» Data records
"""

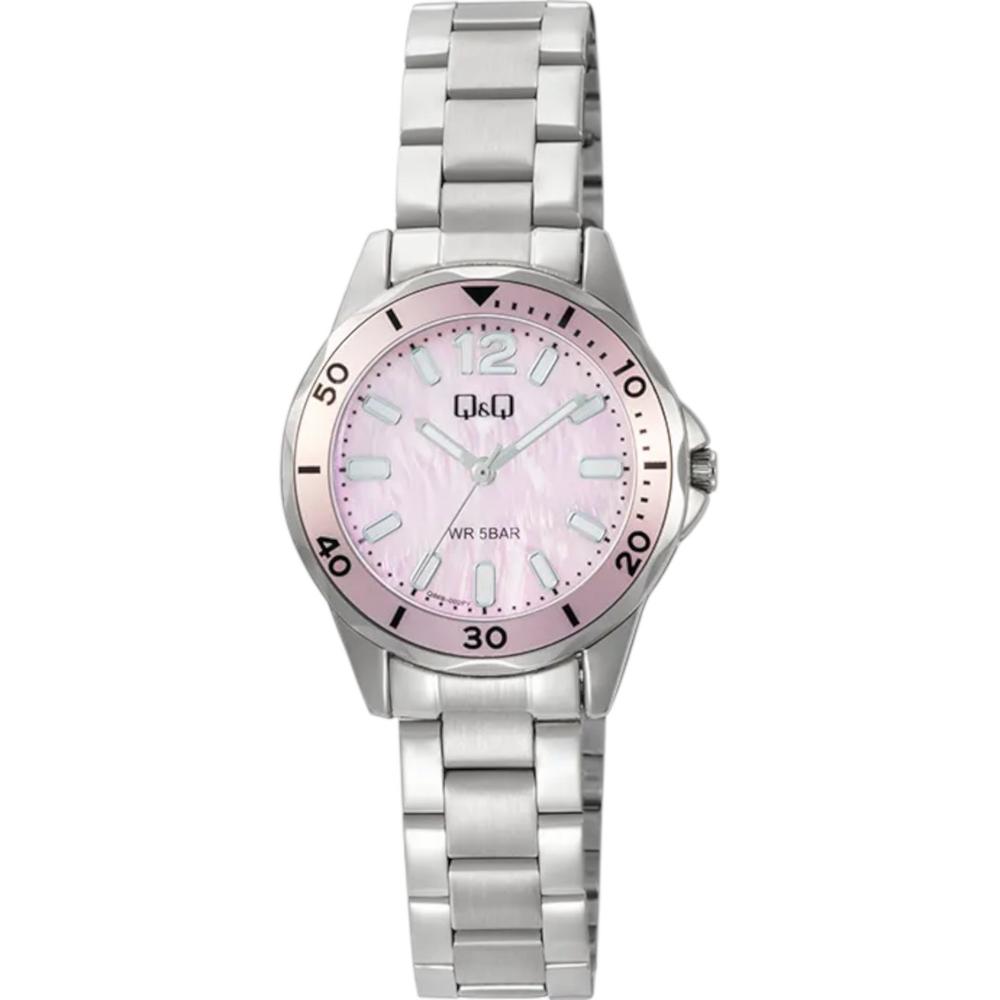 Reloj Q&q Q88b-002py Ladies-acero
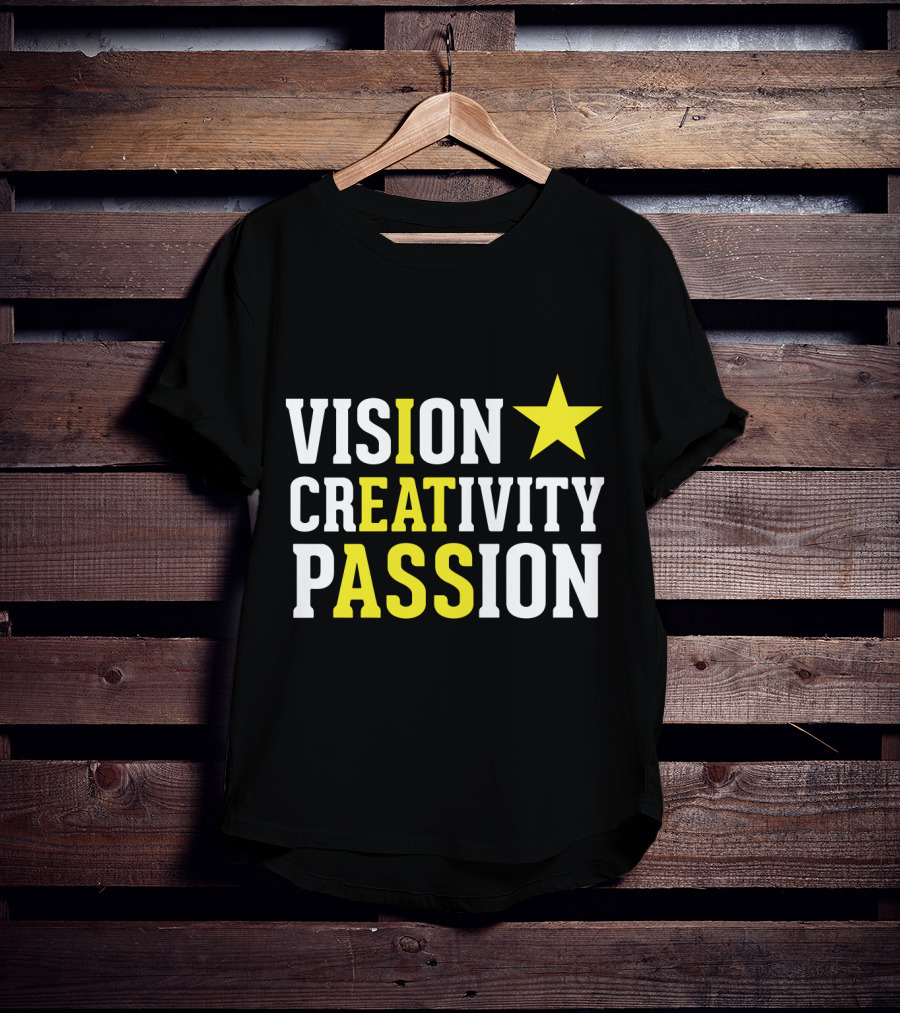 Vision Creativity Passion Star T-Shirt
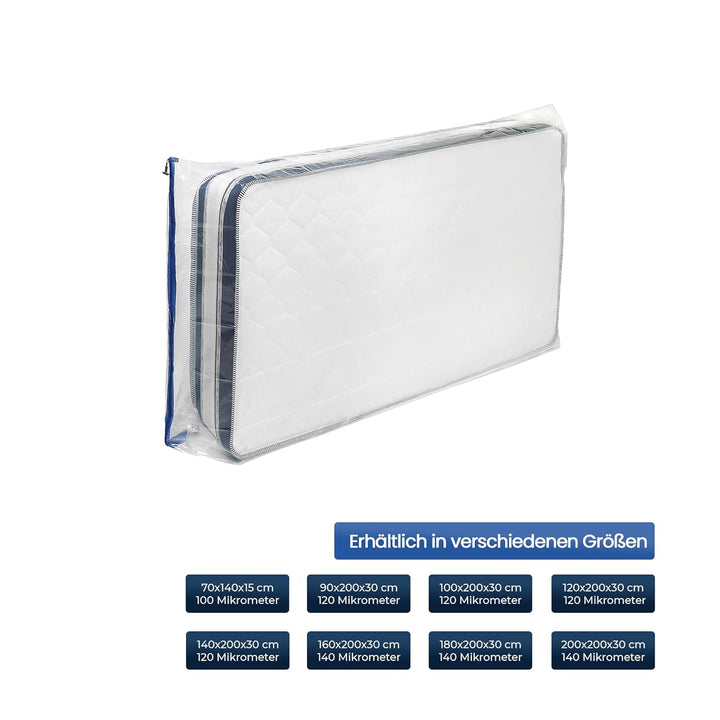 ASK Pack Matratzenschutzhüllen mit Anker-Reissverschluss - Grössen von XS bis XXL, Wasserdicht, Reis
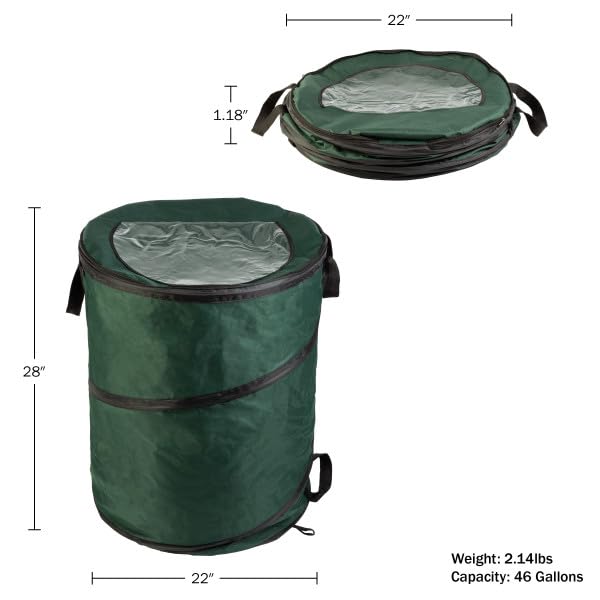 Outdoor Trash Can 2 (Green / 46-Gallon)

"""
"""

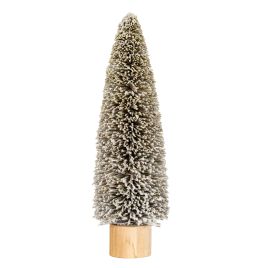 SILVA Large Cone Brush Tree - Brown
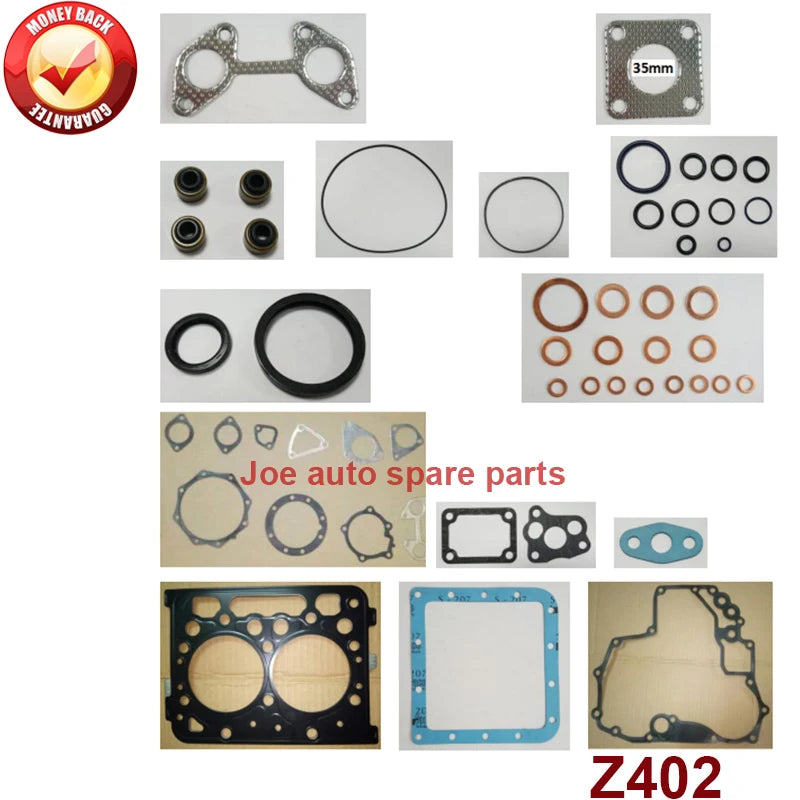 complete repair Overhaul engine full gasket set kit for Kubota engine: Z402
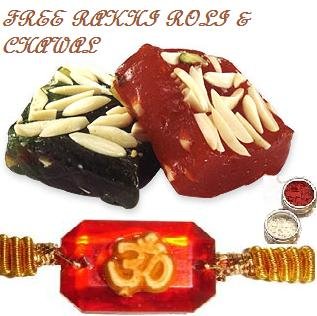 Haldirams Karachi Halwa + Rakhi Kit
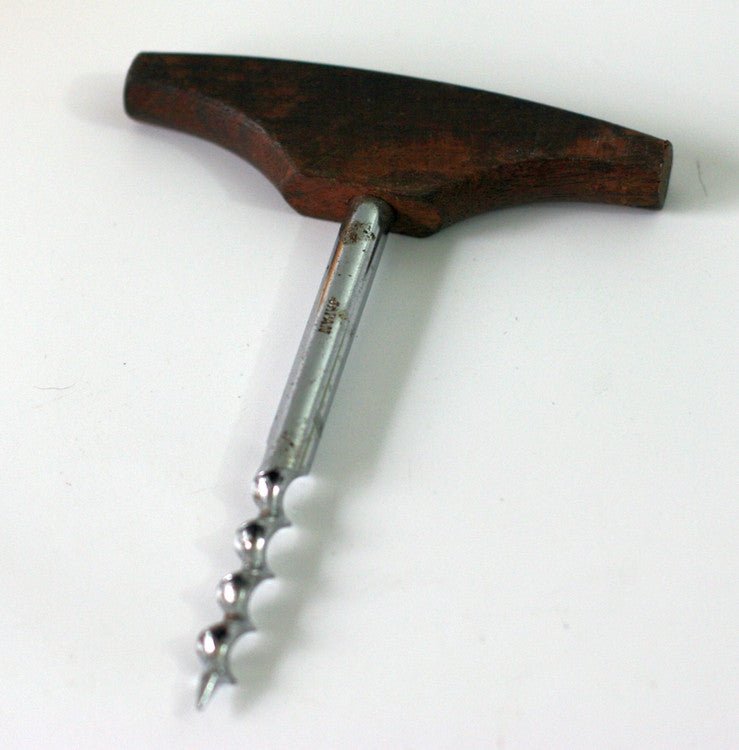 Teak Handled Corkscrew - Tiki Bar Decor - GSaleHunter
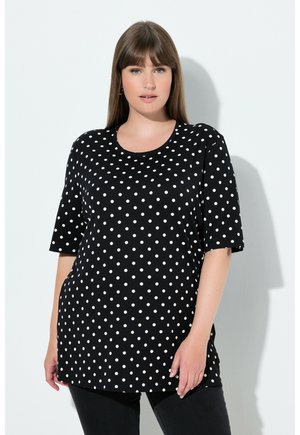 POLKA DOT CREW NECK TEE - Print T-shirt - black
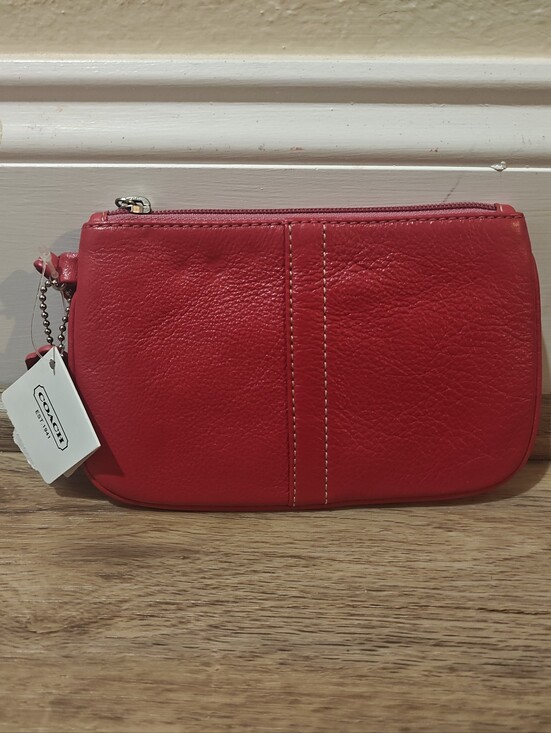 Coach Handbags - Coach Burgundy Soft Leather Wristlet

"""

» What needs to be done
Reproduce the listing above only between the lines holding "POLKA DOT CREW" and "Coach Handbags - Coach", inclusive. Every line must match exactly, and pictures are dropped.

» Response area
 POLKA DOT CREW NECK TEE - Print T-shirt - black
 Coach Handbags - Coach Burgundy Soft Leather Wristlet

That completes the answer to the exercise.